Air con regassed at 250,000.
Transmission crossmember snapped on the freeway, caused the transmission to drop about 3 inches. The engine/transmission dangled off the engine mounts and caused the car to shake violently as stopped the car. Snapped the A/C lines, powersteering lines and caused a leaky transmission.
Aside from the slight drama I encountered on the freeway, the commodore has been an excellent car.
It is an ex-cop car, fitted with FE2 suspension and bigger/wider wheels.
It is fitted with a pod-filter which I have found to be the easiest, cheapest and most cost effective performance modification. It gives the car so much more grunt, which can be felt at about half throttle or more.
Normally the car drives around with minimal throttle, and takes about 12 litres for 100km. The engine has so much torque and response. At full throttle the car gets up and moves it's ass really good. It gets from 0-60 km/h in 1st gear, then 60-110 km/h in 2nd gear... all in about 7 seconds flat with the pod filter.
A good car to thrash and drag rice-boxes with.
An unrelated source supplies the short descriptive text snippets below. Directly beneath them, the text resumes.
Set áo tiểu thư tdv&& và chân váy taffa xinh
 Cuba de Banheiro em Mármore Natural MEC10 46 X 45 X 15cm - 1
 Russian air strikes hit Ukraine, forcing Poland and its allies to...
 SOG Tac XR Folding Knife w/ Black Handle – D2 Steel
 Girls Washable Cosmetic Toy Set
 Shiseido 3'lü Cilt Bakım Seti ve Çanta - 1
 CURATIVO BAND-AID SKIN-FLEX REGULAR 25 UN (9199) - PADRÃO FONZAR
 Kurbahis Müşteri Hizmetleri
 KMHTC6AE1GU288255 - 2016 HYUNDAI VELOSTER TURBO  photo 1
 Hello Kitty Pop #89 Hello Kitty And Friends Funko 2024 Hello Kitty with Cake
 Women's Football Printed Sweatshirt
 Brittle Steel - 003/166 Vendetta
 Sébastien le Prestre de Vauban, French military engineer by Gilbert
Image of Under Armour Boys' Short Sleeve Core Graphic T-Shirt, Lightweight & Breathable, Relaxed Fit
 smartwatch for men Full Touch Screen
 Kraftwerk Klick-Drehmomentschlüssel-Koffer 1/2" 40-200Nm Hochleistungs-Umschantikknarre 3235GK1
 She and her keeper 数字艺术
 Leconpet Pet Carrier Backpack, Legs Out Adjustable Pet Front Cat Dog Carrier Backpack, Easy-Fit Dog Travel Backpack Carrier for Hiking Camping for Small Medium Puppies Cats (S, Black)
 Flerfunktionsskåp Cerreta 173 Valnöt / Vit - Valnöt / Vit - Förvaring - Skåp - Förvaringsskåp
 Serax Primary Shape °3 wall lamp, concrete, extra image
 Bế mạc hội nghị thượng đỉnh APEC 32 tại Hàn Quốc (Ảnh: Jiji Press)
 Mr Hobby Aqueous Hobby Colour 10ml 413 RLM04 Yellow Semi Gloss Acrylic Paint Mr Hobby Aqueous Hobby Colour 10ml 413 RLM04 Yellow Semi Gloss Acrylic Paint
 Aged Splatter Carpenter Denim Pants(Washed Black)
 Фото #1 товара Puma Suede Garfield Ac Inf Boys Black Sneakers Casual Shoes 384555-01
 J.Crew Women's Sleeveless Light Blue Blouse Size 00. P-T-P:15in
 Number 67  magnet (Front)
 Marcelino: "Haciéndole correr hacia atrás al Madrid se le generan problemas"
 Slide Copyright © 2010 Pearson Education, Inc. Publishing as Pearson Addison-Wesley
Takes heaps of fuel when you push it though.
My Commodore did the same with the cross member, luckily I was only doing roughly 60 kph and the car made a huge bang sound, came to a slow stop and then when trying to drive it back to a friends house for repair it kept making loud banging noises, thought it was going to explode!! But that was due to a lazy mechanic who didn't tighten the bolts properly.
Does it make much of ma difference putting on a pod I have a normal air filter and thinking of putting one on. The people who had the car before me cut a hole through the bottom of the air cleaner box for air flow. apparently it is common that vn's don't have good enough air flow.